Medicare Funds for Nursing Homes Will Be Withheld if Workers Not Vaccinated, Biden Says

President Joe Biden announced Wednesday that nursing homes must require all staff to be vaccinated against COVID-19 in order to receive funding through Medicare and Medicaid programs.

During a White House press conference the president said he is directing the Department of Health and Human Services (HHS) to devise a new set of rules stating that mandatory employee vaccination is a requirement for facilities that wish to receive or continue receiving this type of federal funding.

"Today I'm announcing a new step," Biden said. "If you work in a nursing home, and serve people on Medicare or Medicaid, you will also be required to get vaccinated."

Biden pointed to the disconnect between the high numbers of nursing home resident casualties and the low percentage of worker vaccination rates as reasoning for his push, saying, "More than 130,000 residents of nursing homes, sadly, over the period of this virus, passed away. At the same time, vaccination rates among nursing home staff significantly trail the rest of the country."

President Joe Biden
President Joe Biden announced from the East Room of the White House Wednesday that nursing homes must require all staff be vaccinated against COVID-19 in order to receive funding through Medicare and Medicaid programs. Anna Moneymaker/Getty

There are about 15,000 nursing homes employing roughly 1.3 million people in the United States that receive funding from Medicare and/or Medicaid. Only about 60 percent of those workers are vaccinated, according to data from the Centers for Medicare and Medicaid Services (CMS).

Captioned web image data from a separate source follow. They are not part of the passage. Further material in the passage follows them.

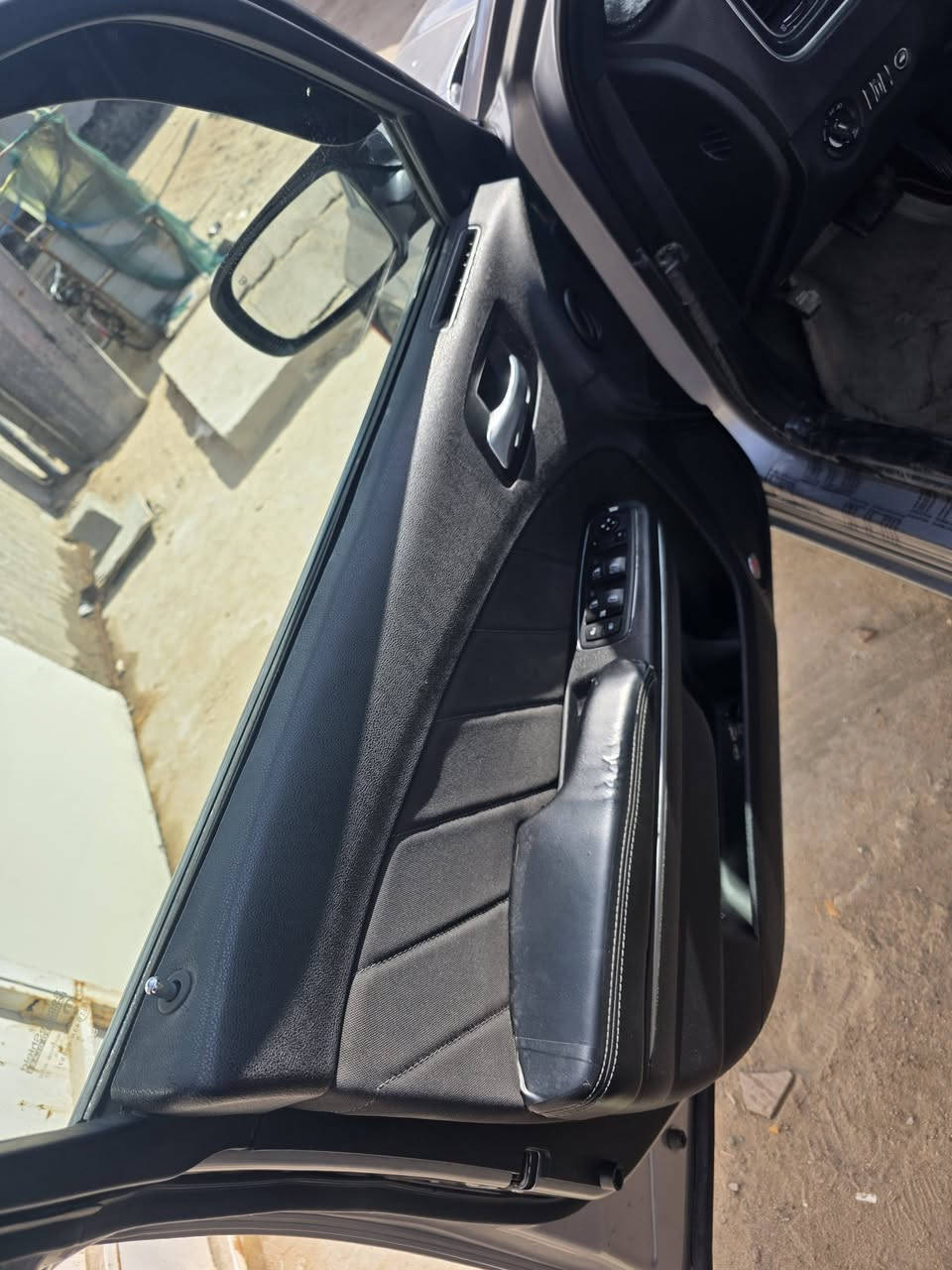 جارجر مديل 2017السيارة بااسمي سنوية جديدة حدادية جديده وتخم تاير جديد السيارة بمعنى الكلمه مال جناي مكاني البصرة السيارة جاهزة من كل شي السعر 160 وبيها مجال السيارة 6سلندر ماعدة تنتة رقم الهاتف *********** الي مو شراي لايتصل
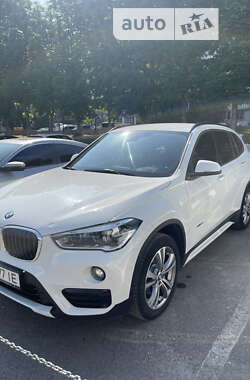 Позашляховик / Кросовер BMW X1 2016 в Києві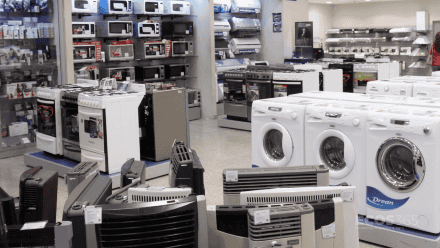 Las cadenas de electrodomésticos están sufriendo la caída del consumo y fuerte morosidad.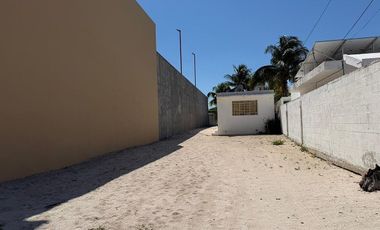 CASA EN VENTA MERIDA, PLAYA CHICXULUB, 2DA FILA, ENTREGA INMEDIATA.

"The studies show that highly vaccinated nursing home staff is associated with at least 30 percent less COVID-19 cases among long-term care residents," Biden added.

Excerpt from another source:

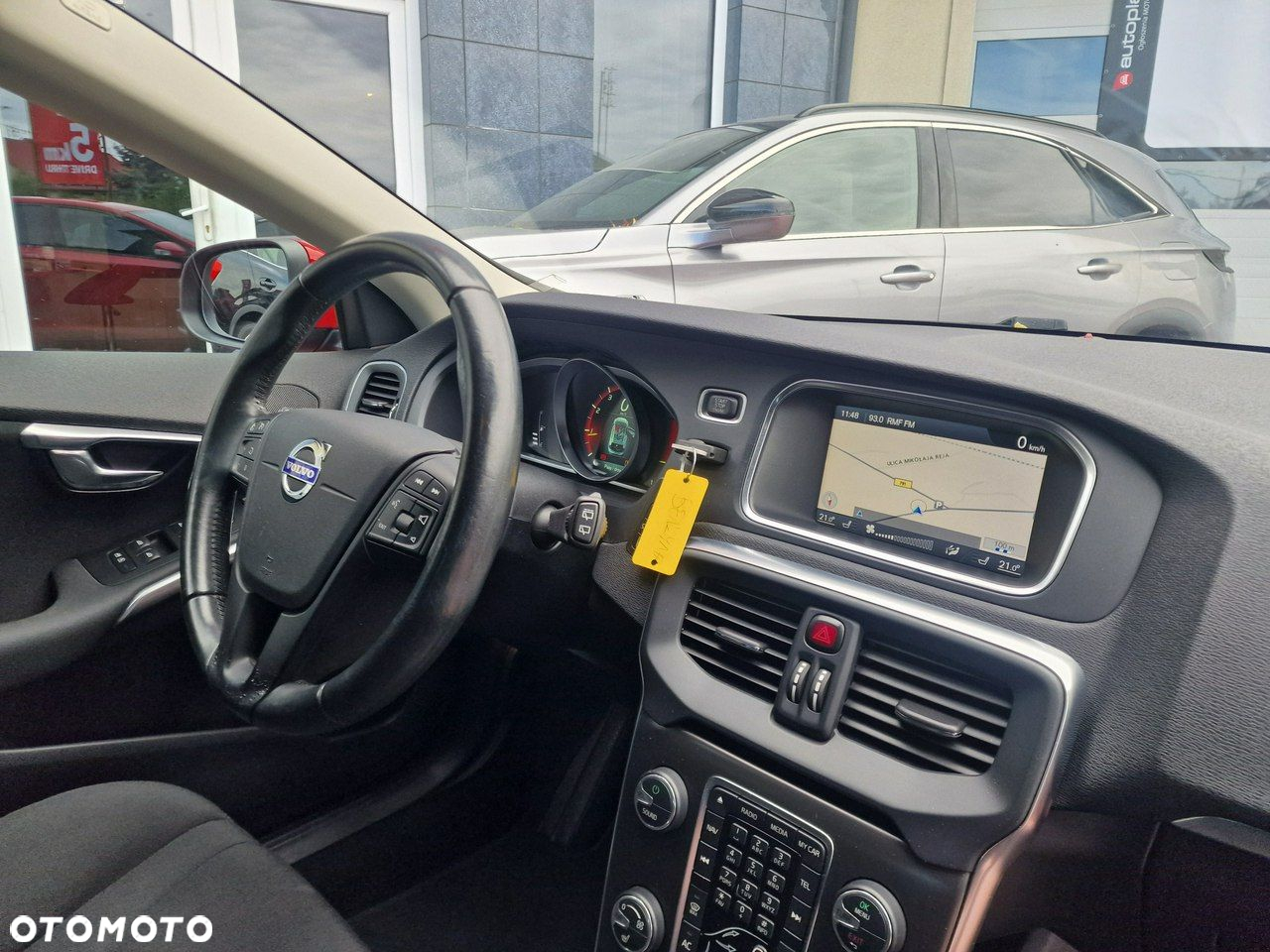 Volvo V40 T2 You - 23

Biden pointed to other groups his administration has already marked for mandated vaccination, including federal workers and contractors, medical staff at Veteran Affairs hospitals, and active-duty members of the military and national guard.

"You walk into a government office building, you should know the federal workers are doing everything possible to keep you safe," Biden said. "If you're a veteran seeking care at a VA hospital...Now, if you visit, live or work in a nursing home, you should not be at a high risk for contracting COVID from unvaccinated employees."

Many Americans have reacted negatively to increasing vaccine requirements across the U.S.—including those instituted by private employers as well as government bodies.

Biden seemed to speak to those Americans when he acknowledged the limits of his power, lauded large corporations for instituting mandates, and called for even more employers to do the same. He reminded Americans that vaccine requirements are not a new limit on freedoms.

"Let's be clear. Vaccination requirements have been around for decades," the president said. He pointed to longtime requirements for health professionals and military troops, who are "typically required to receive vaccines to prevent everything from polio smallpox and measles, mumps, rubella."

Biden also announced during the press conference that a booster shot for those who received their Prizer of Moderna COVID-19 vaccinations at least eight months ago will be available from September 20 and onward.

Newsweek reached out to the Centers for Medicare and Medicaid Services for comment but did not hear back in time for publication.